Andy Reid may not be right coach for Chiefs after latest playoff collapse

KANSAS CITY, Mo. -- Andy Reid was hailed as a hero shortly after joining the Kansas City Chiefs as head coach in 2013, and why not? Reid took a team that had been the worst in the league the year before, and not only won his first nine games but guided the Chiefs into the playoffs.

Reid's star barely dimmed in Kansas City as he took the Chiefs to the playoffs in each of the past three seasons. He even won a playoff game two years ago, the Chiefs' first postseason victory in 22 years.

The free pass for Reid should be over now.

Reid guided Kansas City in Saturday's 22-21 playoff loss to the Tennessee Titans at Arrowhead Stadium. The Chiefs led by 18 points at halftime and collapsed after that.

This makes Reid 1-4 with the Chiefs in the playoffs, and the latest defeat was not the first big blown lead of the bunch. The Chiefs had the Colts down 38-10 in the third quarter in the playoffs after the 2013 season and they lost that one, too.

Reid's two blown leads of 18 points or more in the playoffs are as many as every other coach in the NFL since 1933.

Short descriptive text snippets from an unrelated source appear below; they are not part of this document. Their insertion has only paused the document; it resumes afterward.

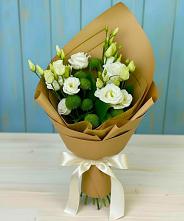 Букет цветов из:  Хризантемы и Лизиантусы #REPLACE_PRED# Фокино Брянской области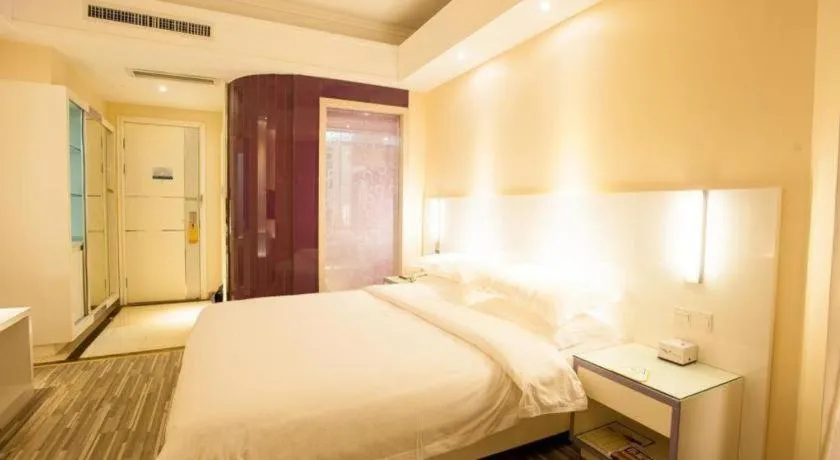 Bed in City Comfort Inn Wuhan Ikea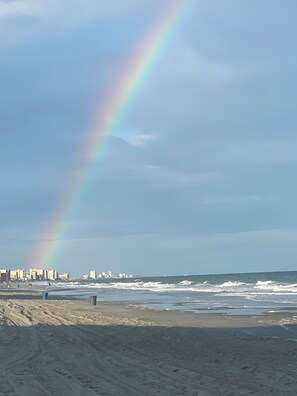 Sun-loungers, beach towels - Ocean view+Hot Tub+Screened porch>Dogs ok>Vintage charm>Sleeps 6 (North Myrtle Beach)
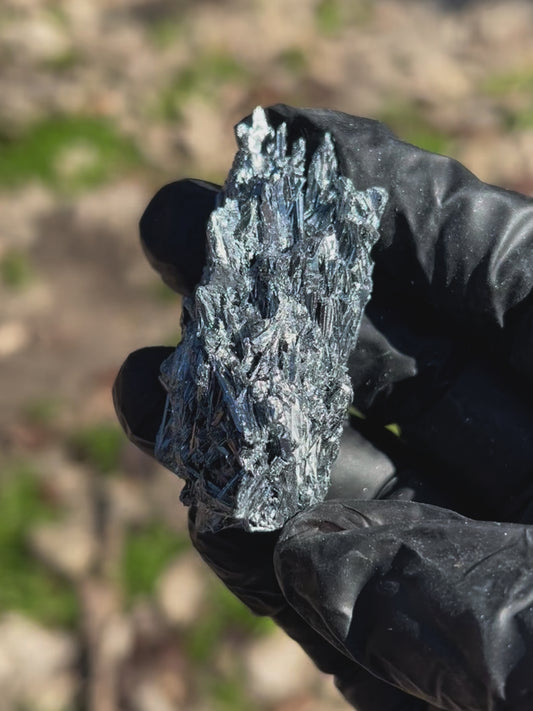 53g Stibnite
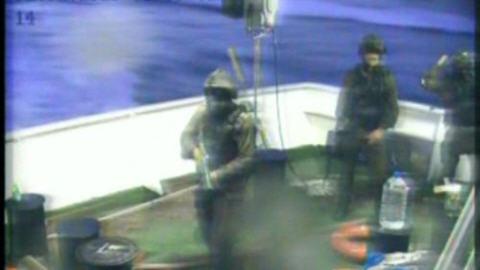 Image de la télévision turque Cihan News Agency montrant des soldats de la marine israélienne sur le bateau turc Mavi Marmara qui se dirigeait vers la bande de gaza, le 30 mai 2010.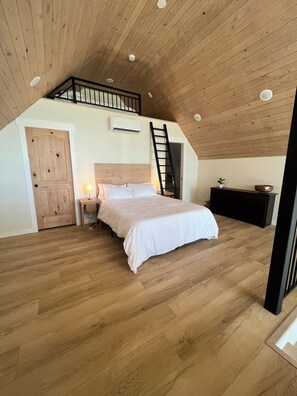 3 bedrooms, iron/ironing board, travel cot, WiFi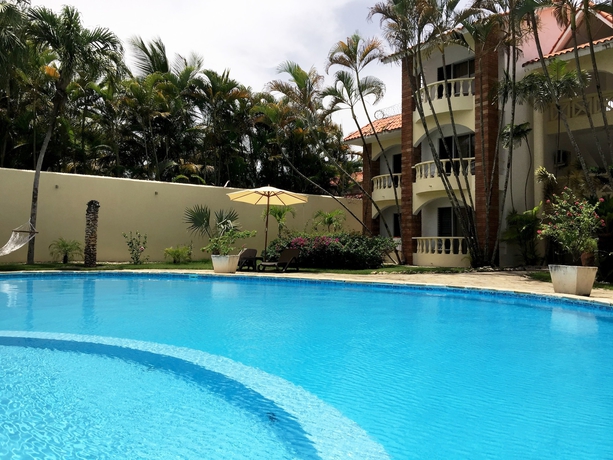 Imagen de los exteriores del Hotel Voramar, Sos&uacute;a. Foto 12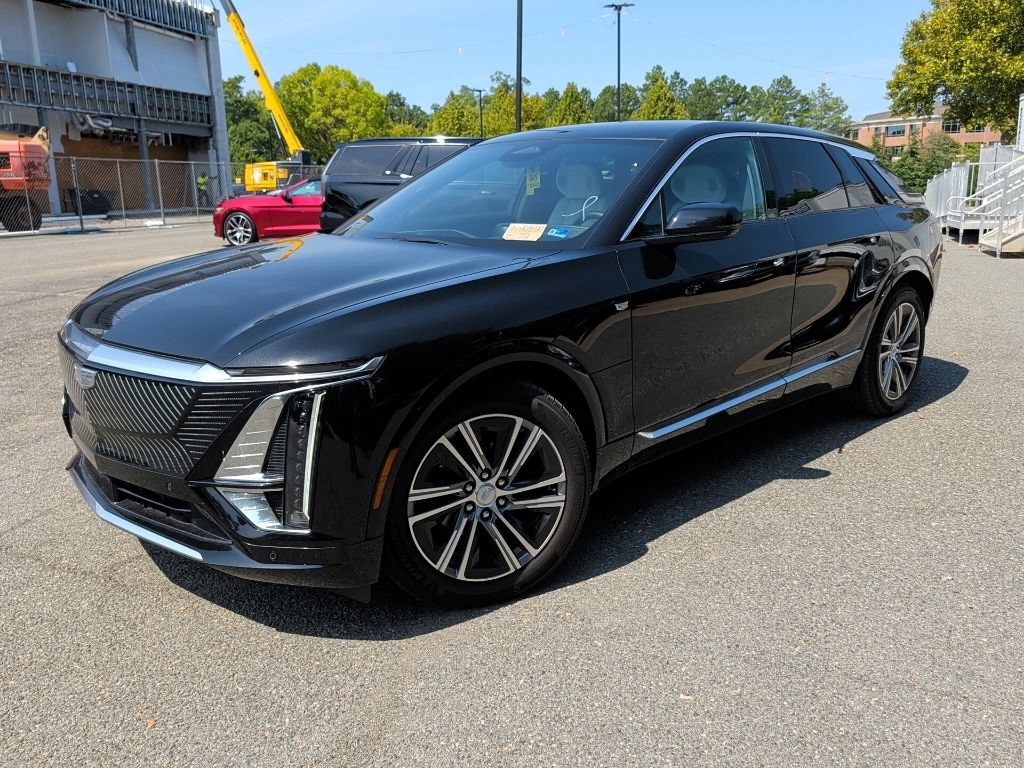Used 2024 Cadillac Lyriq Luxury w/ LPO, Floor Liner Package AWD/4WD image 7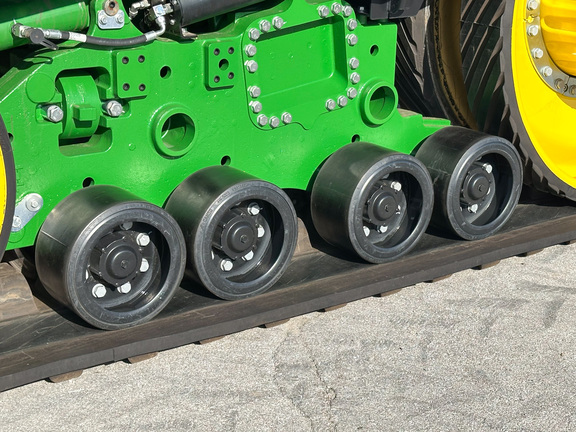 2025 John Deere 9RT 590 Tractor Rubber Track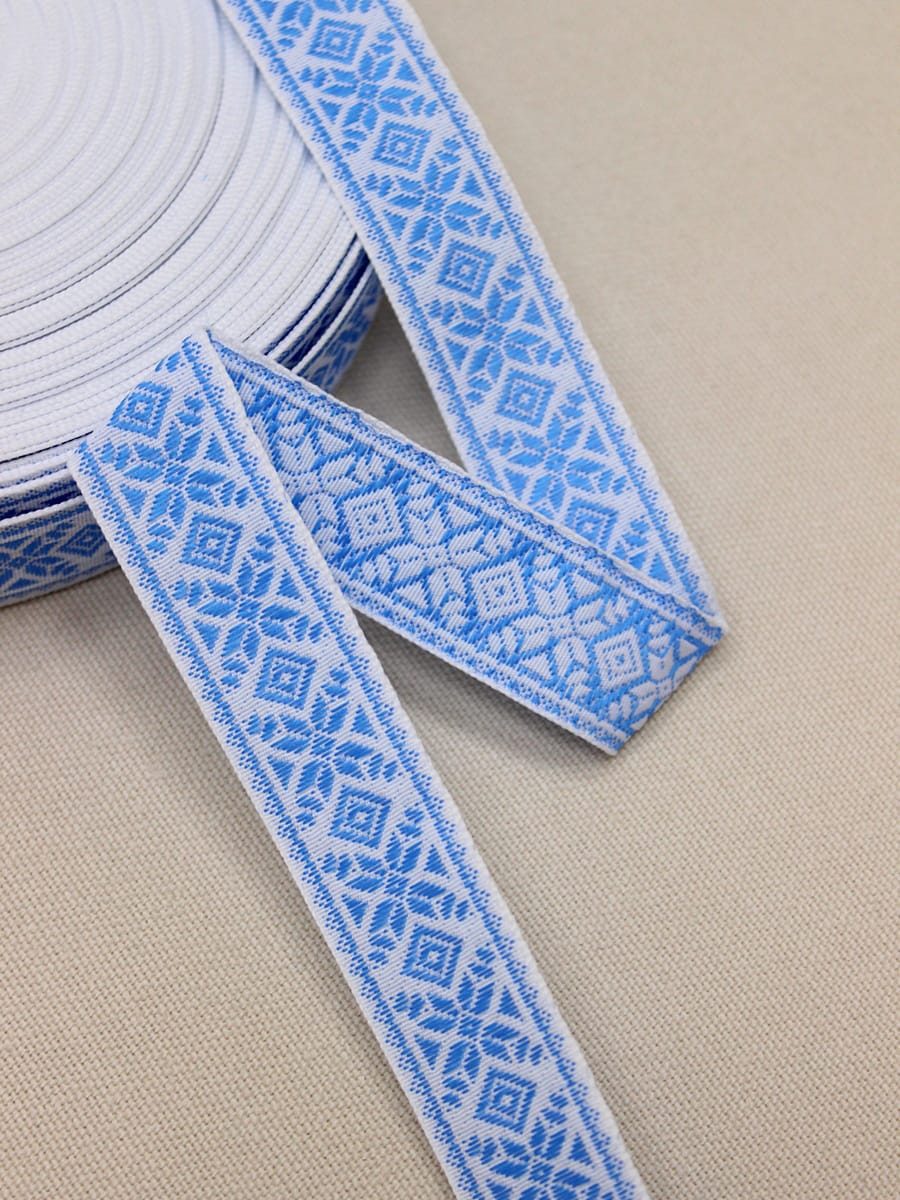 Жак.лента 23мм Снежинка-орнамент (цв.лазурный) на белом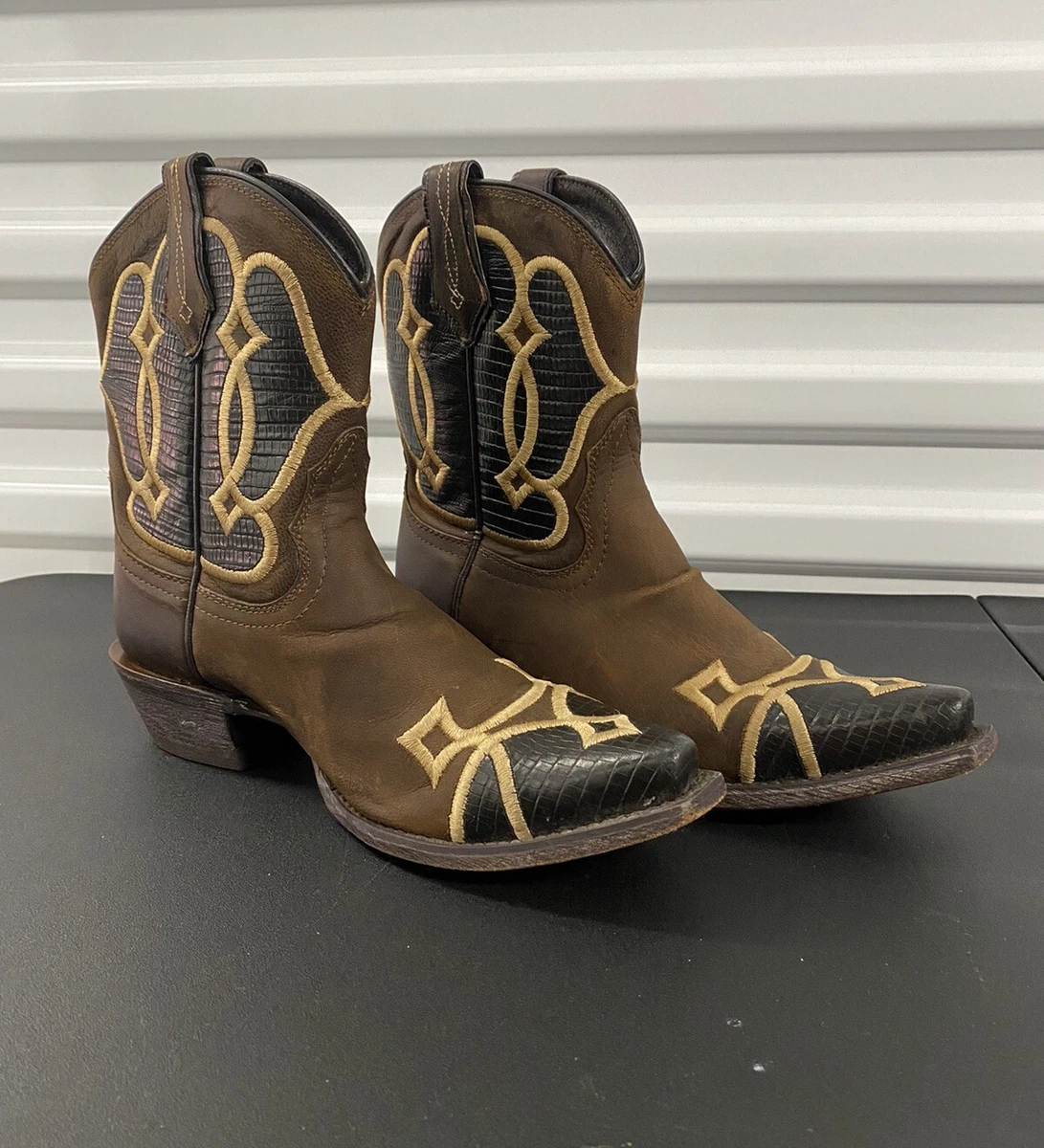 Ariat embroidered cheap boots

This latest loss stings more than the one against the Colts. That one was bad, but at least it happened on the road and in Reid's first season, with a team that was not yet complete in his image.

This time the Chiefs wasted a big playoff lead at home. They did it with a team that was supposedly built not just to get into the playoffs but advance in them.

Quarterback Alex Smith acknowledged afterward that the 2017 Chiefs underachieved, and it's hard to argue with him on that point.

Beyond the blown leads, Reid is costing the Chiefs in the playoffs in other ways. His game management has been a problem at times in the postseason. The Chiefs were deliberate offensively despite being down by two touchdowns in the fourth quarter of a game in New England two years ago. They eventually scored a touchdown but took so much time in doing so they had no choice but to try an onside kick to keep the ball.

With the Patriots aware it was coming, the tactic failed and the Chiefs lost.

Trailing the Titans by a point with two minutes to go in the fourth quarter, the Chiefs tried to convert on fourth-and-9 from the Tennessee 44 with all three timeouts remaining. Smith's pass for Albert Wilson was incomplete and the Chiefs were doomed, never to get the ball back.

It's important to remember here how bad the Chiefs were when Reid arrived. They were a forlorn franchise that won no more than four games in four of the six previous seasons. They were barely competitive in each of their two playoff games before his arrival.

He was hired to provide some much-needed stability and Reid has accomplished that. The Chiefs have made the playoffs in four of his five seasons. They've won back-to-back division titles for the first time in franchise history.

That counts for something. But its meaning loses impact when the Chiefs continually can't budge beyond their opening playoff game. They did that once, two years ago against a dismal opponent in the Houston Texans.

Reid at this juncture looks like a coach who is good enough to get the Chiefs to the playoffs but not beyond. That's why they have to take a moment or two to ponder whether he's still the right guy for the job.